Komşulardan iki kadın daha gelmiş feryadına.. Saliha Teyze'yi "Anam cana geleceğine mala gelsin.." diye teselli etmişler.. Saliha Teyze "Hiç değilse tüylerinden yastık yapaydım.." diye hayıflanınca da kadınlardan biri:

- "Yine yaparsın.." deyivermiş.. "Üç koldan birden yolarız tüylerini.. Sen de bir güzel minder kılıfına tıkarsın.."

Peki ya sıcak su? Kaynatmak icap etmez mi? Kadınlardan biri "Lazım değil, culuk tüyü tavuk gibi olmaz.. Kolay yolunur.." deyince işe koyulmuşlar.. Hareketsiz yatan hayvanları kucaklarına yatırdıkları gibi yolmaya başlamışlar..

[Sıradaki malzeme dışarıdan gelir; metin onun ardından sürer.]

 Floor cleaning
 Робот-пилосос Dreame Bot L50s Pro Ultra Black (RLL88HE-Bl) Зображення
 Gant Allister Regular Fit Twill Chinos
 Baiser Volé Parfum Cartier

İşi biteni de bahçenin kuytu bir köşesine bırakmışlar..

Culuklar mundar gittiğinden yiyecek halleri yok tabii.. Veysel Efendi işi öğrenince icaplarına bakar..

***

Kadınlar işlerinin başına dönmüş.. Veysel Dayı da akşam eve gelmiş.. Saliha Teyze hayvanların telef olduğunu söyleyemiyor bir türlü.. Aklından "Hele yatsın, sabah söylerim.." diye geçirmekte..

Kadın taktiğidir.. Ters giden şeyin haberi geceden verilirse; herif yattığı yerde bile söylenir.. Sabah söyleyeceksin ki biraz vırvır ettikten sonra çekip kahveye gitsin, sen de kurtul..

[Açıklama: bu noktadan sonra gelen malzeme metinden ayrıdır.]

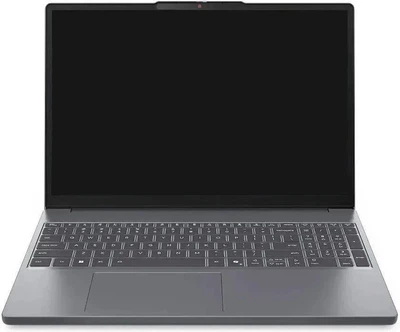 Ноутбук Lenovo IdeaPad Slim 3 15ARP10 Luna Gray (83K7007HRM)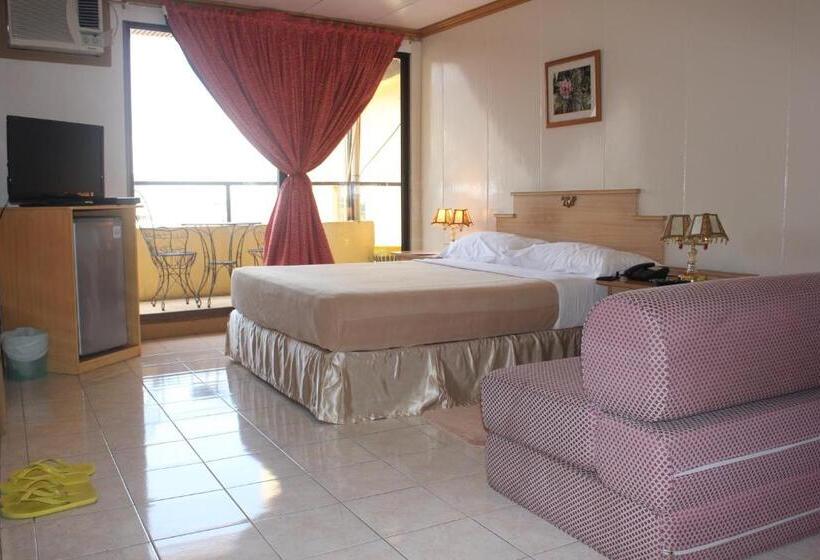 סוויטת ג'וניור, Elegant Circle Inn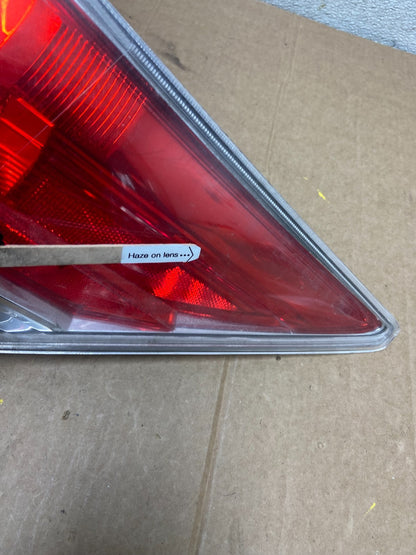 2008 to 2012 Honda Accord Sedan Tail light Right Passenger RH Side AA1172 DW4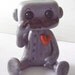 Mustache Robot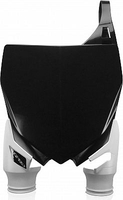 Acerbis 0022298 Raptor Yamaha,  front number plate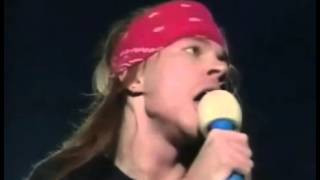 Guns N Roses  1991 Estranged Live Sous Titres Fr [upl. by Metah]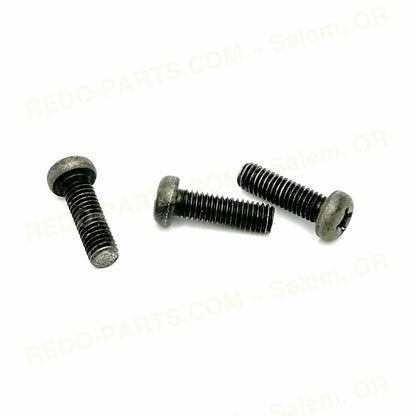 Factory OEM Water Pump Cover Bolts Set of 3 Stock Photo *Used* Parts - Used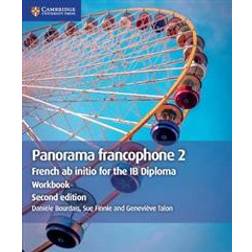 Panorama francophone 2 Workbook (Häftad, 2019)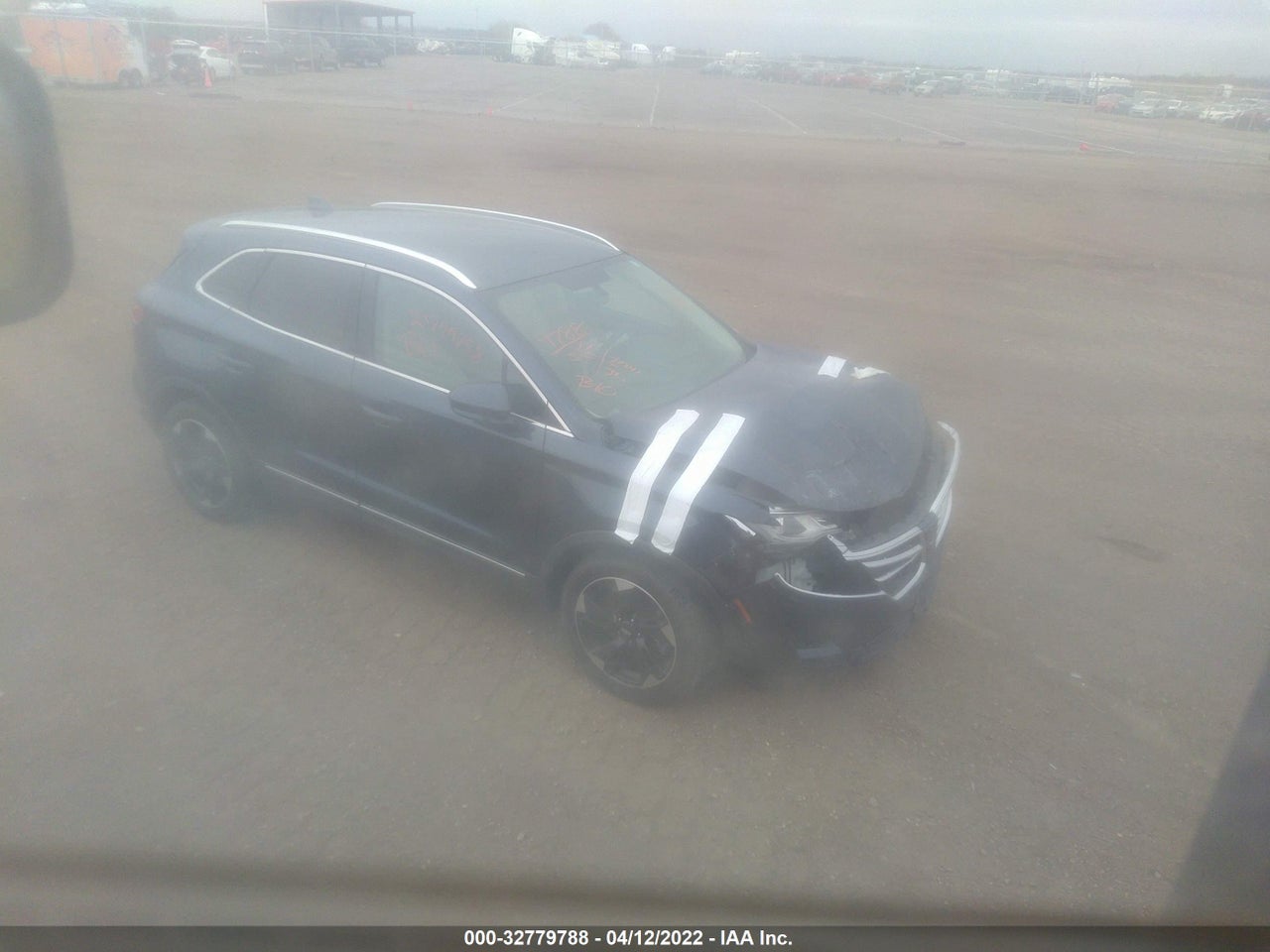 2017 LINCOLN MKC PREMIERE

Saliha Teyze'nin siyaseti bu..

Veysel Dayı sabah kalkmış.. Bahçeye çıkmış.. Yüreği pırpır eden Saliha Teyze de arkasından.. Karı koca ne görsünler.. Beş tane tüysüz culuk, ayaklanmış yiyecek birşey bulmak için eşeleniyor..

Beşinde de tüy yok.. Tövbe! Kıçlarında üç beş tüy kalmış.. Bu da onlara Çeroki savaşçısı süsü veriyor..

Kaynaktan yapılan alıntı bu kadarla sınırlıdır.